Cloud native technologies are all the rage right now. Customers can choose from a wide range of options to implement both their application platform and the continuous integration/continuous delivery technologies (CI/CD) used to deliver those applications. Now up and running, the AgroScout development team enjoys easier management of their application with Kubernetes and a streamlined CI/CD platform, better performance from Oracle’s Generation 2 Cloud, and much more.

Oracle Cloud Native Services

Oracle Cloud Native Services include services for containers, serverless functions, streaming (with compatibility for Apache Kafka), infrastructure automation (with compatibility for Terraform), APIs, and associated monitoring and notifications capabilities. A relatively recent addition to the Oracle Cloud Infrastructure portfolio, these services have seen momentum over the last year. Adopters include scientific organizations, healthcare organizations, large financial services companies, innovative AI-centric startups, logistics and transportation companies, and government entities. You can get more details about these services and their adoption from the update that we posted in November 2019.

The Solution

Kubernetes was chosen as the application platform for the AgroScout project, provided by the Oracle Container Engine for Kubernetes service. Container Engine for Kubernetes is a developer-friendly and enterprise-ready managed Kubernetes service for running highly available clusters. New clusters can be created through the Console, API, CLI, or Terraform, with a choice of virtual machine or bare metal servers for the worker nodes. Container Engine for Kubernetes uses standard Kubernetes; all the tools, such as kubectl, Helm, and the dashboard, are available for a pure Kubernetes user experience and portability across platforms.
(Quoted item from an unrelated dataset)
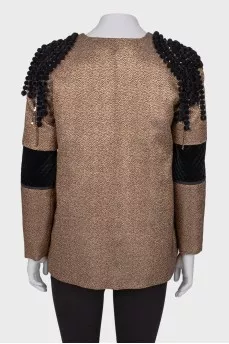Golden jacket with accent shoulders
Any container technology relies on images and requires a registry for image storage and access. Oracle Cloud Infrastructure includes a managed container registry, Oracle Cloud Infrastructure Registry, which is Docker v2 compatible.

The solution also required tooling to build and deploy AgroScout’s code as pods on a Kubernetes cluster. This final piece was provided by our CI/CD platform, which provides prebuilt integration for Kubernetes and container registries that can be used to build code or container images and then deploy them to Kubernetes or other platforms.

The Implementation

The solution had the following goal: When a developer committed code changes to the source control system, this action would automatically trigger a build that created a Docker container image that was pushed to a repository in Registry. A further automated step would deploy this image as a Kubernetes deployment, along with the Kubernetes services needed to expose it to the outside world.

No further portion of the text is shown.